Adsorption of Lattice Polymers with Quenched Topologies

TL;DR

This paper studies the adsorption behavior of polymers with fixed, quenched topologies, revealing that such structures retain a significant portion of monomers off the surface even at strong attraction, contrasting with annealed models.

Contribution

It introduces a new framework for analyzing polymer adsorption with quenched topologies and provides rigorous results for comb polymers and their free energy properties.

Findings

Quenched topology prevents complete surface adsorption at high attraction.

Established the existence of growth constants and free energy limits for comb polymers.

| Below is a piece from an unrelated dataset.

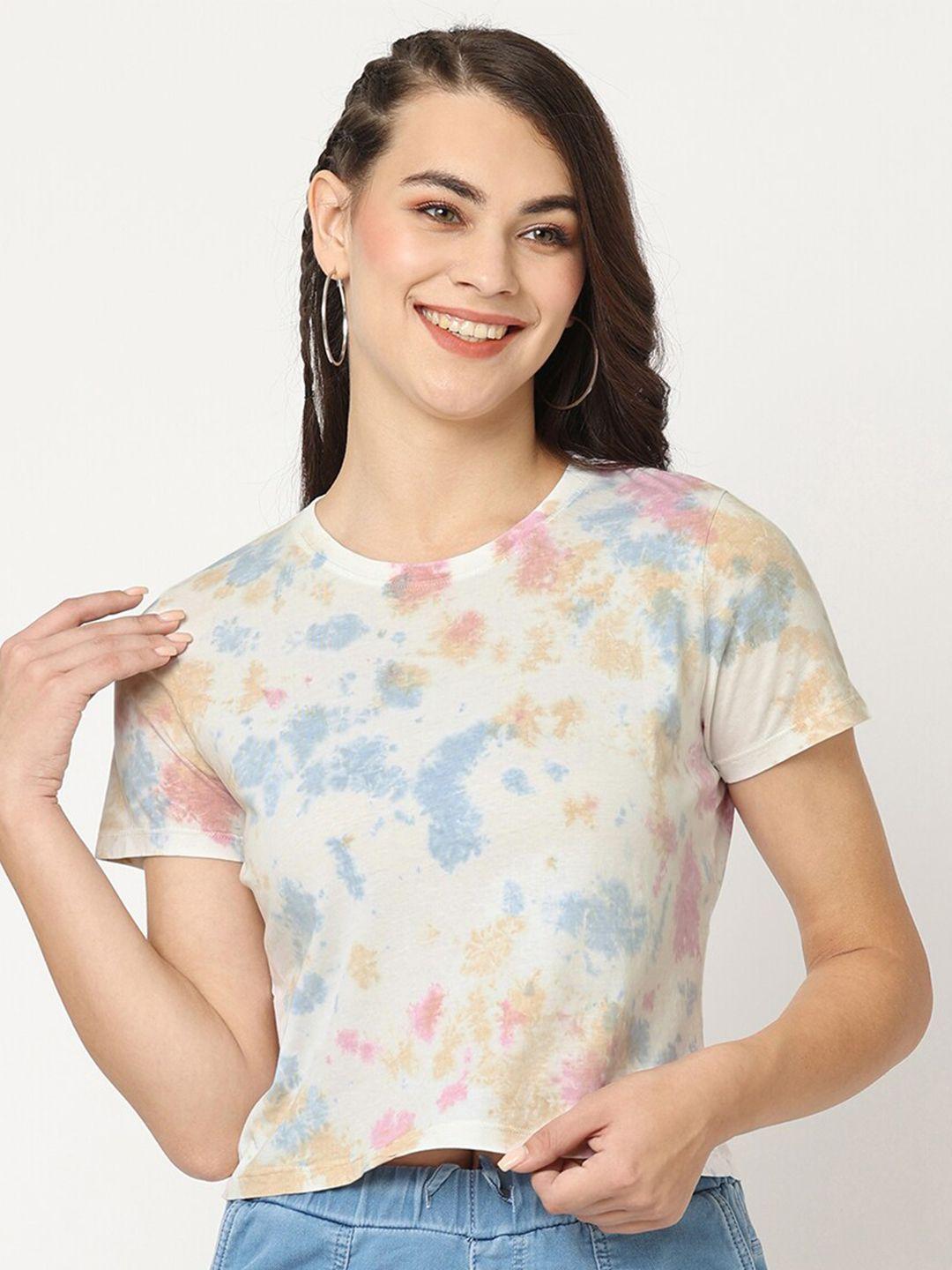 kraus jeans tie and dye round neck pure cotton t-shirt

Provided rigorous analysis for the critical points in various polymer classes.

Abstract

We introduce a framework for adsorption of a single polymer in which the topology of the polymer is quenched before adsorption, in contrast to more standard adsorption models having annealed topology. Our "topology" refers either to the precise branching structure of a branched polymer (in any dimension), or else to the knot type of a ring polymer in three dimensions. The quenched topology is chosen uniformly at random from all lattice polymers of a given size in one of four classes (lattice animals, trees, combs, or rings), and we then consider adsorption of the subclass of configurations that have the quenched topology. When the polymer-surface attraction increases without bound, the quenched topological structure keeps a macroscopic fraction of monomers off the surface, in contrast with annealed models that asymptotically have 100% of monomers in the surface. We prove properties of the limiting free energy and the critical point in each model, although important open questions remain. We pay special attention to the class of comb polymers, which admit some rigorous answers to questions that otherwise remain open. Since the class of all combs was not previously examined rigorously in full generality, we also prove the existence of its growth constant and its limiting free energy for annealed adsorption.